From the moment we are born we are responsive and search out ways of stimulating our senses. This enables us to discover the world around us, to invent it to suit our needs and, importantly, we find out about our significance and relationship to that world. This need and desire continues for the rest of our lives. John Epstein’s book contains his energetic and direct charcoal figure drawings. The use of the charcoal was searching and gave form to the poise, weight and character of the figure. There are also short essays and one of them in particular has been absorbed into my teaching and philosophy about painting and drawing. It simply states what is obvious, although it is so often under used or even overlooked. It reminds the artist that before any plans or assumptions are made, before any brush is loaded or charcoal is grasped, there is a sensitive and receptive tool attached to the end of each of our arms. This tool can relate its experience back to the artist and it can influence directly the look and feel of the image beyond what the eye can see and the head can imagine:

A montage of hands showing a range of touches.

A picture is made up of marks. It is made by hand.
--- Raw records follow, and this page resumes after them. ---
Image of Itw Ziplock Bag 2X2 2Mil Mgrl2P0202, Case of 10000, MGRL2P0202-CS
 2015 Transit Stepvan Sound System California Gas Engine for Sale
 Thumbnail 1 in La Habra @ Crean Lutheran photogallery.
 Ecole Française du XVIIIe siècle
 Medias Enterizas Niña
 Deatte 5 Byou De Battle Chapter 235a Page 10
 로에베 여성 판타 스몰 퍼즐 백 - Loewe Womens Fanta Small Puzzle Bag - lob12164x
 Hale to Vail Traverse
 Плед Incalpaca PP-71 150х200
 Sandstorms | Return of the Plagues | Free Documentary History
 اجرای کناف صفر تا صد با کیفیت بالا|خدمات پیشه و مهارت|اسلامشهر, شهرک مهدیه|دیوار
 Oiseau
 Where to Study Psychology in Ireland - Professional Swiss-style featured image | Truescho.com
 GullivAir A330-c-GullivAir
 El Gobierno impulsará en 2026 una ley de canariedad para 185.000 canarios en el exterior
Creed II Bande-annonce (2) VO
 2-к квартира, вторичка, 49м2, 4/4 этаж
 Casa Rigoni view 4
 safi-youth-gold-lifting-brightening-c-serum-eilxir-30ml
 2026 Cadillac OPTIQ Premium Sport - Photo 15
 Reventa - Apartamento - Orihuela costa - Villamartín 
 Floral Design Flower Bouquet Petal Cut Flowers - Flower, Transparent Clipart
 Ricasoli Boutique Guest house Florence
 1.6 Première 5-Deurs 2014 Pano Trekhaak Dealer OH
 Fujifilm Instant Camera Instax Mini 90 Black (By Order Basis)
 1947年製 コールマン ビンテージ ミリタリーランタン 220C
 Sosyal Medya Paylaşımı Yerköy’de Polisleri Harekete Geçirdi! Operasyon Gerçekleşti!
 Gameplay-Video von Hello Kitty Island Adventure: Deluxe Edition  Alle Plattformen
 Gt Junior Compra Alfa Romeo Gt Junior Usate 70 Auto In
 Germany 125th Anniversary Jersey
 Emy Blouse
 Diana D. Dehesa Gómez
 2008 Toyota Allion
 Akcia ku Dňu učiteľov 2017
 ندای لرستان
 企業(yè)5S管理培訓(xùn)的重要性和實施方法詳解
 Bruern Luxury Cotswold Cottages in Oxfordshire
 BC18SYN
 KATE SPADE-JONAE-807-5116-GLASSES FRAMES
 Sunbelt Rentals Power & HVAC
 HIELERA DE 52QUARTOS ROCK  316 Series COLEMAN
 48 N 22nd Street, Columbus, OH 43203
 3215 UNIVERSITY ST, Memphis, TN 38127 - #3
To understand the mark, the hand must be appreciated.1

The hand:

a)

is not naturally steady

b)

wants to move

c)

wants to touch

d)

wants to hold

e)

wants to dig, to unearth

f)

wants to encompass

g)

wants to fondle

h)

wants to stroke and to rub

i)

wants to pull

j)

wants to pinch

k)

wants to scratch

l)

wants to demonstrate its owner’s nature in its movement, and it wants to stay in contact with hands of the past

m)

when stretched out in front of us, is the furthest part of the body into the world

n)

reaches out and draws in

o)

is the first to touch others

p)

is a divining rod, a blind man’s probe

q)

will unlock the door.

The significance of the hand, in the context of the practical activity of making a painting or drawing and its contribution to the feel and content of the image, cannot be underestimated. Whilst there are now available to us so many different ways of making images that are efficient and seductive in their effects; it is interesting that the hand still seems so important. The reason for this is that the hand reveals the individuality of its owner, its movement, pressure and sensitivity being inextricably linked to the artist’s desires and personality. The drawing or painting will have an integrity and originality of its own revealed through the actions of the hand. For all our sophistication, intellect and technology we are all creatures that respond to and understand the world around us through our senses. The visual sense is obviously one of the essential tools that enable the artist to create images but it is not exclusively the sense that gives the most creative stimulus and information.

‘Drawing and Painting are the Same’

This is true but is not recognized by many students. In this book, therefore, I have not positioned drawing as either something you necessarily do as a preparatory piece for a painting or as something you use to plan with or copy from. Drawing and painting will be ‘side by side’ throughout the chapters that follow. Drawing can:

be the beginnings of investigating and studying a subject;

be done in response to an ongoing painting;

happen during and on a painting; and

act as a trigger (but it is never going to be helpful if the desire is to copy exactly).

The Chapters

In all of the chapters there are some or all of the following: practical exercises, creative philosophy, an artist’s work and their thoughts about the process they go through and my own thoughts gained through both teaching and painting.

Chapter 1 deals with the visual language of painting and drawing: manipulating it, playing and inventing with it. It introduces the concept of how to combine sensation and observation to create imagery.

Chapter 2 is a very practical chapter that should take the scary factor out of attempting to draw a human head.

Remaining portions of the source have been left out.